■ Source records ■
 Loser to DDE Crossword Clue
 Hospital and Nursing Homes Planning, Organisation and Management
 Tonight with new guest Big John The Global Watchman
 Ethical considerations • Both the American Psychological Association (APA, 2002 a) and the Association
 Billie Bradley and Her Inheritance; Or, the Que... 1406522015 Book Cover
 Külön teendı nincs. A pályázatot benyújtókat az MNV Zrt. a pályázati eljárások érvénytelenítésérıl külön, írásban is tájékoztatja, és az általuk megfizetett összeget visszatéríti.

--

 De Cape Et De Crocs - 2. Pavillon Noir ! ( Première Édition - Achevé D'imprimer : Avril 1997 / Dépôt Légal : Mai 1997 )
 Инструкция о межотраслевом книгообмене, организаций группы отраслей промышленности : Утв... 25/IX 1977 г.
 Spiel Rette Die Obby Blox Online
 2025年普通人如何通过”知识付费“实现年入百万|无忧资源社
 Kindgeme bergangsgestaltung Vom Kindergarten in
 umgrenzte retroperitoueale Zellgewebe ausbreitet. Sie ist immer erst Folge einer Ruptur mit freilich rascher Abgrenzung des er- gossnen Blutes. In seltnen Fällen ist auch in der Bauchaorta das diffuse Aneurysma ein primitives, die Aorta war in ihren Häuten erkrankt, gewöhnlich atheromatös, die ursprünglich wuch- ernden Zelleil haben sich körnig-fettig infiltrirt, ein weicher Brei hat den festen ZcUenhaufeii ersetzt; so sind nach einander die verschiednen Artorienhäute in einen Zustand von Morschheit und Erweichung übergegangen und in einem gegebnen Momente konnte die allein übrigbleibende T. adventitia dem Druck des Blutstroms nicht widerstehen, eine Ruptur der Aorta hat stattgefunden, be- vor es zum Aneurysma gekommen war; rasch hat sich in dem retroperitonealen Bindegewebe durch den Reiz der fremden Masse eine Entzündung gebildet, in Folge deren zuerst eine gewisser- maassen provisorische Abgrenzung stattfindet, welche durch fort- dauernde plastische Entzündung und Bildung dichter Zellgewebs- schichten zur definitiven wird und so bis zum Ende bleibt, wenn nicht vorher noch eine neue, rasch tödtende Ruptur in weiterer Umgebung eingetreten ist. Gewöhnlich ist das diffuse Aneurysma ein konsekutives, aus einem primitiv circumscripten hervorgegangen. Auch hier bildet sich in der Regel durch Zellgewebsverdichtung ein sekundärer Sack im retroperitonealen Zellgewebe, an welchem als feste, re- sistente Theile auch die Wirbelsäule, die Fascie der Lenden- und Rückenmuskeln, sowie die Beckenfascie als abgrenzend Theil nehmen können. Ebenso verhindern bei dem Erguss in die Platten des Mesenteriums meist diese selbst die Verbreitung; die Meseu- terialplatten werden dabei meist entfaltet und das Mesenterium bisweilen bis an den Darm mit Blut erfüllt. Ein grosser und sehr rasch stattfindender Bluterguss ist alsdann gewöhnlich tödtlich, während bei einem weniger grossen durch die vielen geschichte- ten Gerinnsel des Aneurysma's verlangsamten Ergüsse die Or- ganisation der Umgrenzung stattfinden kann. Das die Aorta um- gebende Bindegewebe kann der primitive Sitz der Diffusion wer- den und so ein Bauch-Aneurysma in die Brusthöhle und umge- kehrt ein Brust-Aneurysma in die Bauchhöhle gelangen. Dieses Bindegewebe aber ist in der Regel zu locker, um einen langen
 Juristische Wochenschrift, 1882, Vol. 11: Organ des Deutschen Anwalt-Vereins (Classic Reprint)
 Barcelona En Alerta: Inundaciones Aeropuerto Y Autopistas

--

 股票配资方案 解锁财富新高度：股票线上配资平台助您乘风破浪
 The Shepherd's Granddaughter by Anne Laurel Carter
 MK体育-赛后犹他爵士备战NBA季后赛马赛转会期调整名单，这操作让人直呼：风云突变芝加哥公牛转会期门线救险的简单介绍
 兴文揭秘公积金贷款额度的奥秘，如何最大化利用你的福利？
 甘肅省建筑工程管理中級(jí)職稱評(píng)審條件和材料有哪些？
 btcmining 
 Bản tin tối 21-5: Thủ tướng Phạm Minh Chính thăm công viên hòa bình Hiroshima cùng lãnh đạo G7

■ Exercise objective ■
Only one stretch of the entries above is wanted: the lines from the one containing "Spiel Rette Die Obby Blox Online" through the one containing "Kindgeme bergangsgestaltung Vom". Please reproduce it exactly.

■ Result ■
 Spiel Rette Die Obby Blox Online
 2025年普通人如何通过”知识付费“实现年入百万|无忧资源社
 Kindgeme bergangsgestaltung Vom Kindergarten in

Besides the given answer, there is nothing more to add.